Asuna didn’t interrupt him.
“There was a moment,” he continued, eyes fixed on the stones beneath their feet, “when I thought I’d lost you. Just for a second. But it felt like everything was starting over again.”
He swallowed.
“I don’t think my body ever forgot that feeling.”
She reached for his hand.
This time, he didn’t hesitate.
Her fingers were warm — solid, familiar. The simple contact eased something tight beneath his ribs.

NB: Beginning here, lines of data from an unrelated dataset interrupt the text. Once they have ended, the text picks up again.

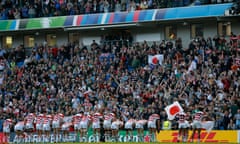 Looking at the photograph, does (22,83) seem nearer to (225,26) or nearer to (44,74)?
(44,74)

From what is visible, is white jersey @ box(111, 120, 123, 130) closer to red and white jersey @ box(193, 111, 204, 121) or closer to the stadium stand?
the stadium stand

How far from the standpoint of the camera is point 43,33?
58906mm

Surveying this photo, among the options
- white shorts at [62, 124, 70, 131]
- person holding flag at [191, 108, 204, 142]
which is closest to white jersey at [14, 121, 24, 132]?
white shorts at [62, 124, 70, 131]

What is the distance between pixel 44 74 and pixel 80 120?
7.36 metres

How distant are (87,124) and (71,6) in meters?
13.5

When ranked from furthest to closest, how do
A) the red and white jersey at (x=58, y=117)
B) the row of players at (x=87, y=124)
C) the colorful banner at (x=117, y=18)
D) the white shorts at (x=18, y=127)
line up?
the colorful banner at (x=117, y=18), the white shorts at (x=18, y=127), the red and white jersey at (x=58, y=117), the row of players at (x=87, y=124)

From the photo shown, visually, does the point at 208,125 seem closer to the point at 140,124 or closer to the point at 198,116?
the point at 198,116

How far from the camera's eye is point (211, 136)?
1606 inches

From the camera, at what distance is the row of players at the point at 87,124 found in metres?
41.4

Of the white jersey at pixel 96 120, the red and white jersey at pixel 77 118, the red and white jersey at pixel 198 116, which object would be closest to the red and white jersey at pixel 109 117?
the white jersey at pixel 96 120

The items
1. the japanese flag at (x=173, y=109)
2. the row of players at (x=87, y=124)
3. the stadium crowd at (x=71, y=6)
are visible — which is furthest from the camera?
the stadium crowd at (x=71, y=6)

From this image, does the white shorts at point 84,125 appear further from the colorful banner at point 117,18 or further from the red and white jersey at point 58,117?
the colorful banner at point 117,18

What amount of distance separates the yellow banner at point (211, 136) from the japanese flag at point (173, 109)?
41.0 inches

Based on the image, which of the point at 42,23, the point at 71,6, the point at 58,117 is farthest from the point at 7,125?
the point at 71,6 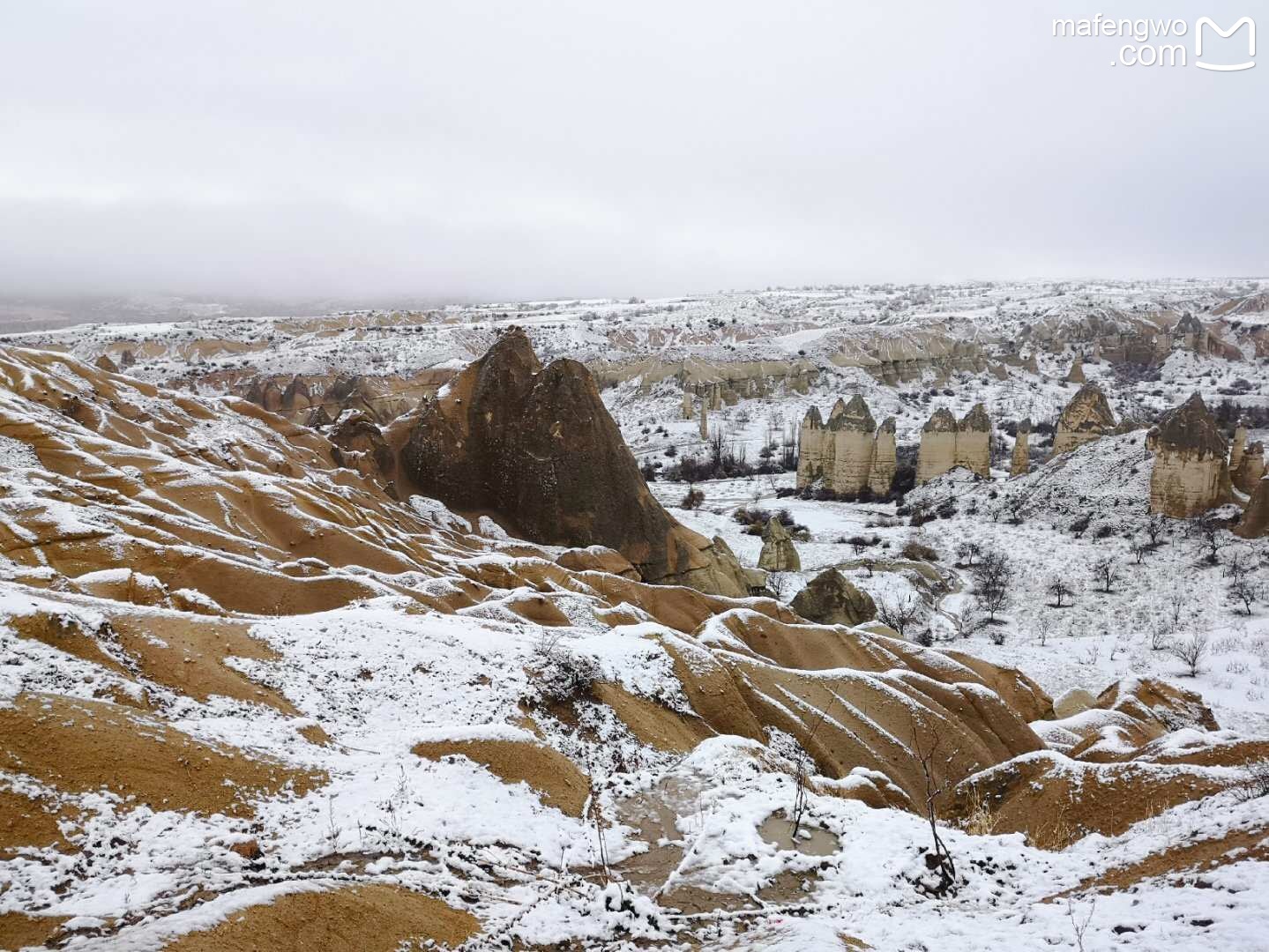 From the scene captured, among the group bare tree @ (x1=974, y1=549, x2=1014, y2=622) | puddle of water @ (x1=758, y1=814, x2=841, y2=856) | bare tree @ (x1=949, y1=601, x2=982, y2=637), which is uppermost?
puddle of water @ (x1=758, y1=814, x2=841, y2=856)

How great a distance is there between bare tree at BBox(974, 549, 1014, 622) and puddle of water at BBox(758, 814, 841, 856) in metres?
32.8

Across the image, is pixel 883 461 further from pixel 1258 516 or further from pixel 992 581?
pixel 1258 516

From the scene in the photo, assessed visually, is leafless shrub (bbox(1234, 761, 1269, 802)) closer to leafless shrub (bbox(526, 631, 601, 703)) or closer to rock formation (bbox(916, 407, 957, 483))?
leafless shrub (bbox(526, 631, 601, 703))

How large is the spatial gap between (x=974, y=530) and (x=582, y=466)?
102 feet

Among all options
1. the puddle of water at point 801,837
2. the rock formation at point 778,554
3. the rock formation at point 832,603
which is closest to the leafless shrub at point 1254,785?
the puddle of water at point 801,837

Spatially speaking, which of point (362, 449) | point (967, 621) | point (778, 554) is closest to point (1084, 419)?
point (967, 621)

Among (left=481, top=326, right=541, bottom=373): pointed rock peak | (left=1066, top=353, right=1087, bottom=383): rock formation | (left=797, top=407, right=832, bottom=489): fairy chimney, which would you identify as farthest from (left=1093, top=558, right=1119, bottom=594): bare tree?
(left=1066, top=353, right=1087, bottom=383): rock formation

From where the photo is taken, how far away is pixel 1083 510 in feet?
166

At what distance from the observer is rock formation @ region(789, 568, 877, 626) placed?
34.3 m

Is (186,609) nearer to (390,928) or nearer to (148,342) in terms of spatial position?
(390,928)

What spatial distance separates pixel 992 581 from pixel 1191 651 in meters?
12.3

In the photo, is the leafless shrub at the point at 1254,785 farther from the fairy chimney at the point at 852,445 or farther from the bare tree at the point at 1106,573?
the fairy chimney at the point at 852,445

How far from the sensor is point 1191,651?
30.1 metres

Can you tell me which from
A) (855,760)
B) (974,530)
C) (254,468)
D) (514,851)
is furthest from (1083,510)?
(514,851) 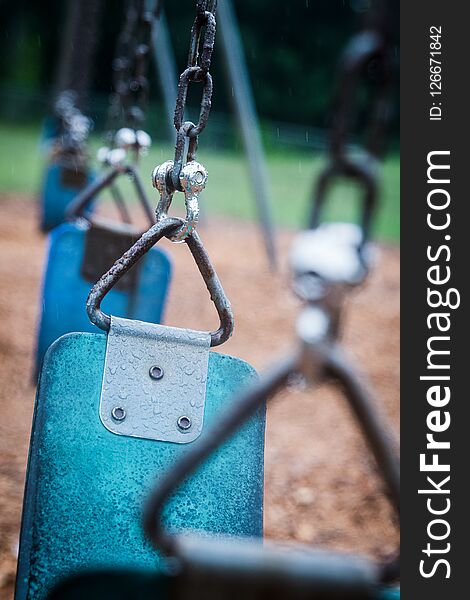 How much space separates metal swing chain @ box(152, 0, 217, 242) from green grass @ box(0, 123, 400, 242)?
6507mm

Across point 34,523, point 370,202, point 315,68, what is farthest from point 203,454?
point 315,68

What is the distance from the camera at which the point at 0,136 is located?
9.76 m

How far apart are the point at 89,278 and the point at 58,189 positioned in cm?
149

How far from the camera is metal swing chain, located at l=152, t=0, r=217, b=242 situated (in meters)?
0.80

“You don’t walk ahead because you think I’m weak,” she said softly. “You walk ahead because you’re afraid.”
He nodded once.
“Yes.”
She squeezed his hand — not to dismiss the fear, not to argue with it — but to acknowledge it.
“I get scared too,” she admitted. “But I don’t want you carrying that alone.”
She shifted their joined hands so they rested comfortably between them.
“Protecting each other doesn’t mean one of us always has to stand in front.”
Kirito looked at her.
“Sometimes,” she said with a small, steady smile, “it just means standing together.”
She took a step.
Not forward.
Not back.
Beside him.
Their shoulders brushed.
The tension in his chest eased — not all at once, but gradually, like his body was finally learning a new memory to replace the old one.
He adjusted his pace without thinking.
Their steps aligned.
They continued down the path together, lantern light stretching ahead of them. Kirito still watched the shadows — he suspected that part of him might never disappear entirely — but now, every so often, he glanced sideways instead of forward.
Asuna was there.
Warm. Steady. Unmoving.
And for the first time in a long while, half a step ahead no longer felt necessary.
Because when she walked beside him, the world felt survivable again.